U.S. Olympic media summit: Time to turn off the cynicism
Reporting from Chicago -- Sometimes we cynical journalists (redundant, I know) moan and roll our eyes when TV networks air those up-close-and-personal features that focus on the incredible obstacles athletes have overcome to reach the Olympics.
But after speaking to some of the prospective Vancouver Olympians who are attending this week's U.S. Olympic media summit, it's clear that many truly have endured truly horrific injuries and personal tragedies that have shaped them, made them stronger and helped them rise above average.
For example: Emily Cook, a freestyle aerials skier from Belmont, Mass. Two weeks after she made the 2002 Olympic team she took a horrible fall in a training jump at Lake Placid, N.Y., suffering a dislocation, torn ligament and fracture in her left leg and fracture and torn ligament in her right leg. "I watched the Salt Lake City Games from a wheelchair," she said.

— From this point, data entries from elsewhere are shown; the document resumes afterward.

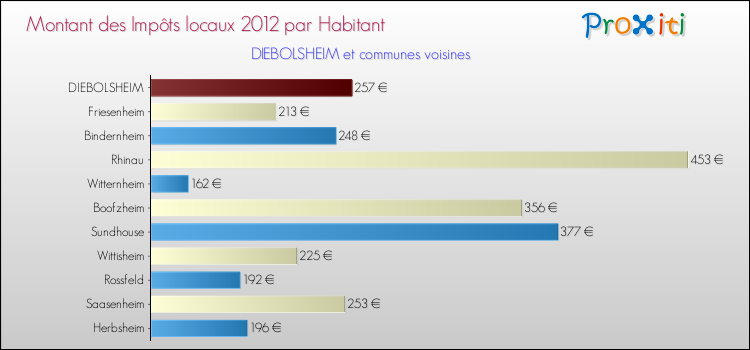 Montant des impôts locaux par Habitant pour DIEBOLSHEIM et les communes proches Comparaison des impôts locaux par habitant pour DIEBOLSHEIM et les communes voisines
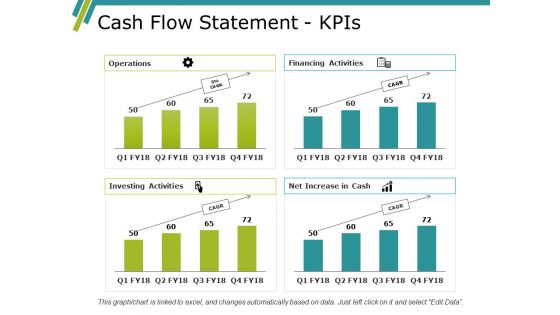 Cash Flow Statement Kpis Ppt PowerPoint Presentation Model File Formats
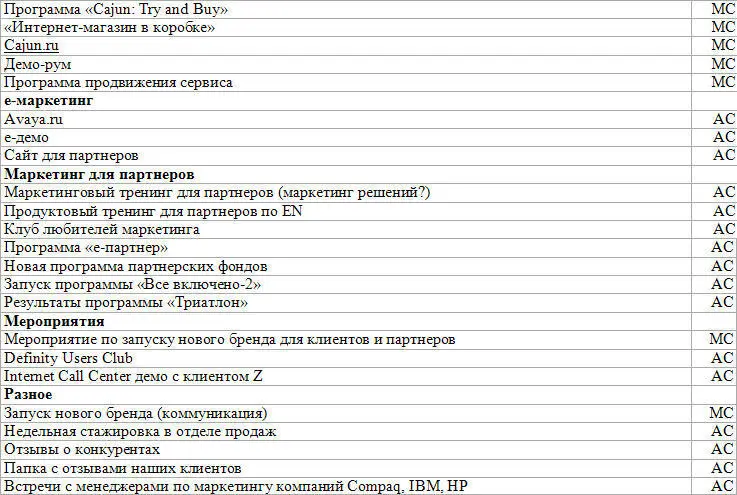 Приложение 8 Спасибо за СвязьЭкспокомм2000 Это образец большого - фото 10
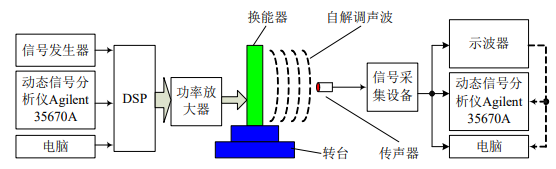 高压功率放大器在定向发声换能器实验中的应用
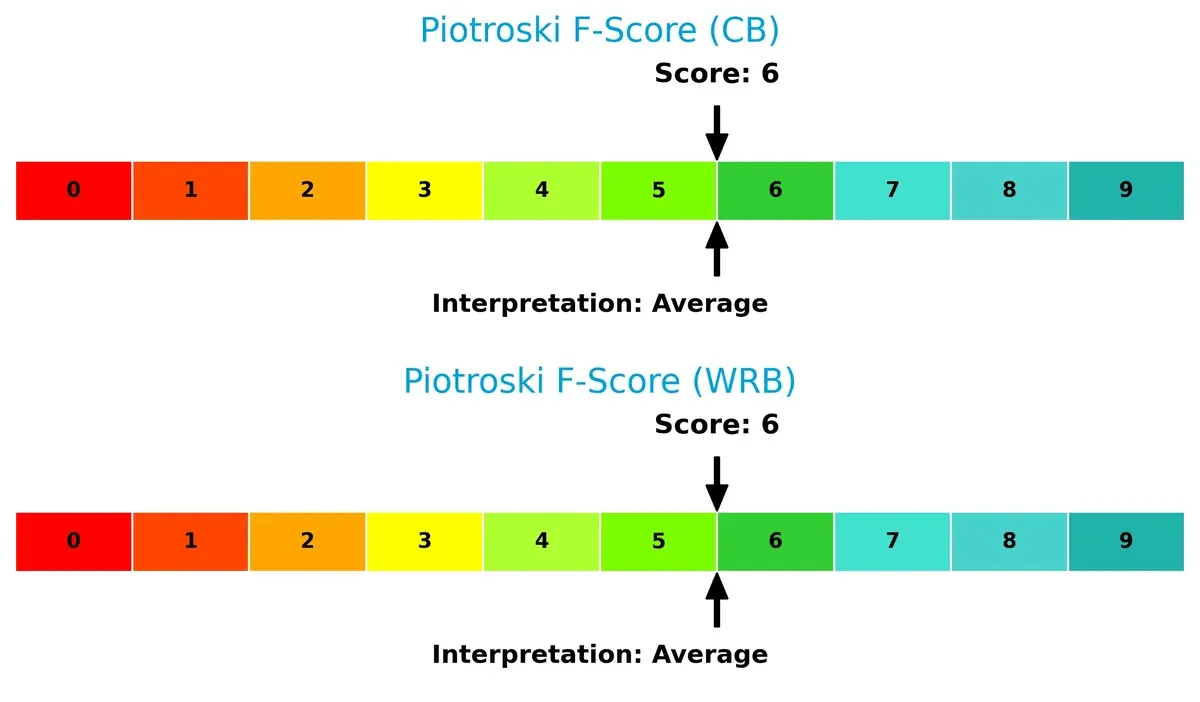 piotroski f score comparison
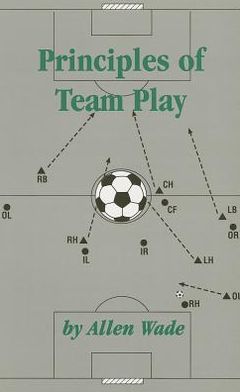 Soccer: Principles of Team Play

After more than 2 1/2 years of painful rehabilitation that began with merely taking steps in a pool, she came back to qualify for the 2006 Turin team and finish 19th overall. "I had unfinished business and I was going to do everything in my power to get back," she said, matter-of-factly.
Welcome back to the LAT Olympics blog as it shifts from the Beijing Summer Games of last August to the Vancouver Winter Games, set for Feb. 12-28 of next year. Instead of Ticket to Beijing, it now is Ticket to Vancouver.